Atwell, 29, has been playing period beauties fairly solidly since graduating from the Guildhall School of Music and Drama six years ago. These include Julia Flyte in Julian Jarrold’s 2008 film version of Brideshead Revisited ; Bess Foster – the third person in the Duke and Duchess of Devonshire’s marriage – in Saul Dibb’s The Duchess ; Mary Crawford in Mansfield Park ; and Freya, the love of Logan Mountstuart’s life, in Any Human Heart.
On stage, too, her roles have tended towards the old-school : she has been in Thomas Middleton’s Jacobean tragedy Women Beware Women at the RSC, George Etherege’s Restoration comedy The Man of Mode at the National Theatre, and Arthur Miller’s A View from the Bridge (for which she was nominated for a 2010 Olivier Award).
So when the chance arose to play a gun-wielding sex bomb in Captain America, this summer’s Marvel Comics adaptation, Atwell jumped at it.
’And then I read the script and realised that it was set in the 1940s !’
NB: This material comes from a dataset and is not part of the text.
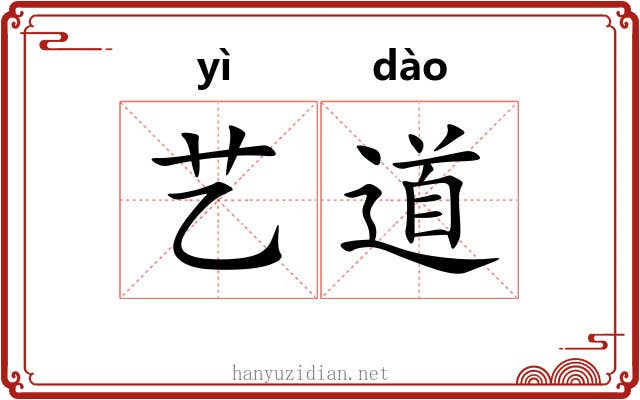 艺道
A cinch-waisted, khaki-clad pin-up in the vein of an Indiana Jones heroine, Peggy Carter is a recruitment officer who falls for Captain America, an army reject who has taken part in a special experiment and been transformed into the perfect fighting machine.
’She’s sexy and feisty,’ Atwell enthuses. ’She’s immaculately beautiful but she’s also a fighter and incredibly strong. Because of that, she carries a certain amount of frustration, knowing that, if she’d been born a man, she could have been a great soldier.’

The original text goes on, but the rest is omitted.